The school I attend uses the flipped class format for its computer science courses. Every computer science course I've taken has used this format and in all cases the classes have been terrible. In my first year, it really didn't stand out to me as much since these were intro classes, and as a result were really easy for me. But this past semester, I'm taking two classes, one that's almost entirely new for me (Logic and Algorithms), and one that's new in places, but I was really looking forward to (Operating Systems and Networks).

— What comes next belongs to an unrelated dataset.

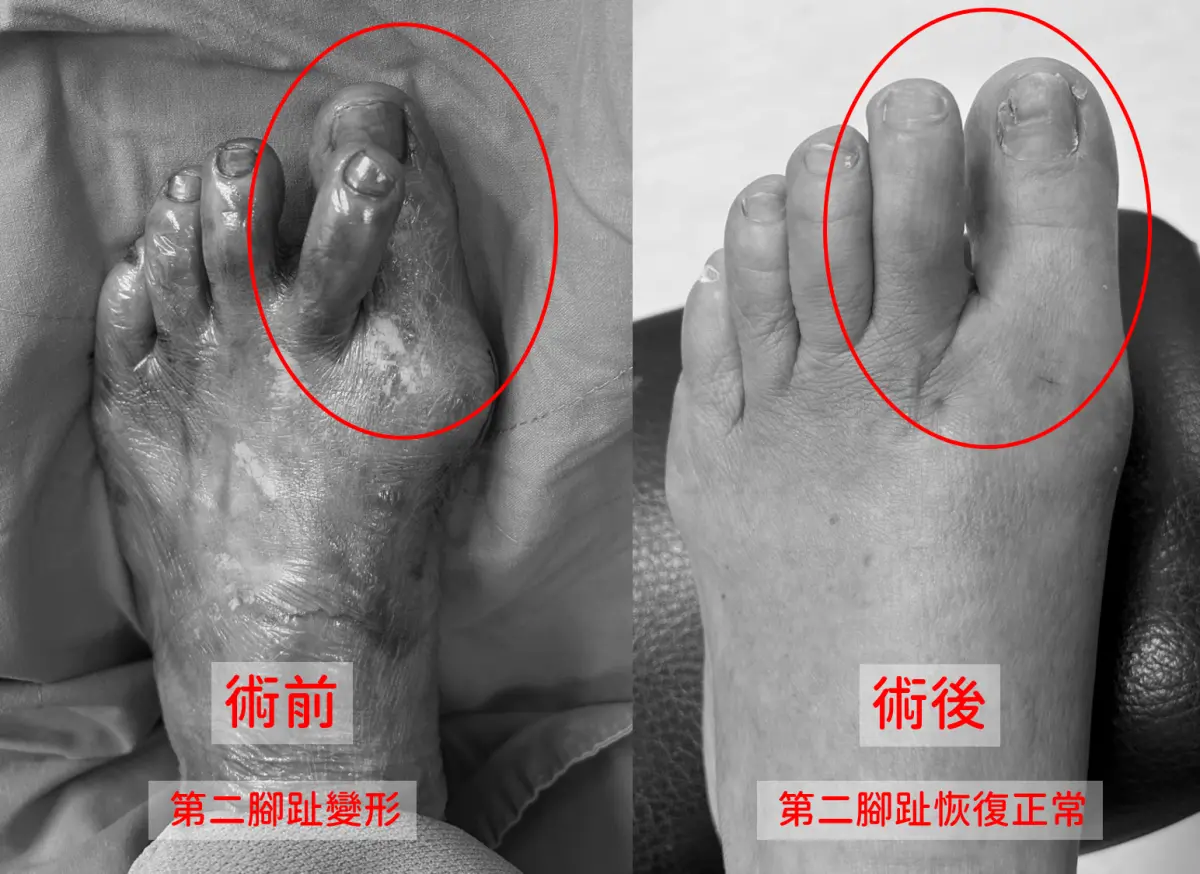 ▲患者長期拇指外翻，甚至情況愈來愈嚴重，出現變形而翹起來。（圖／中醫大新竹附醫提供）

In the logic class, there is no material except a terrible interactive ebook; I understand very little, and one of my friends said the same until he went and found materials from another university that actually explained well. In the OS class, the only material are pre-recorded lectures (which are very high level, whereas the tests and exercises are much more in depth). The only way I've been able to understand the OS class is by buying a text book (which is labeled as optional). Even though I love computer science and do well at it, because of these flipped classes, I'm doing the worst gradewise in these two. For perspective, I'm also taking Linear Algebra, and I'm very close to an A in this course; math has always been one of my worst subjects, and this class is taught in a traditional format.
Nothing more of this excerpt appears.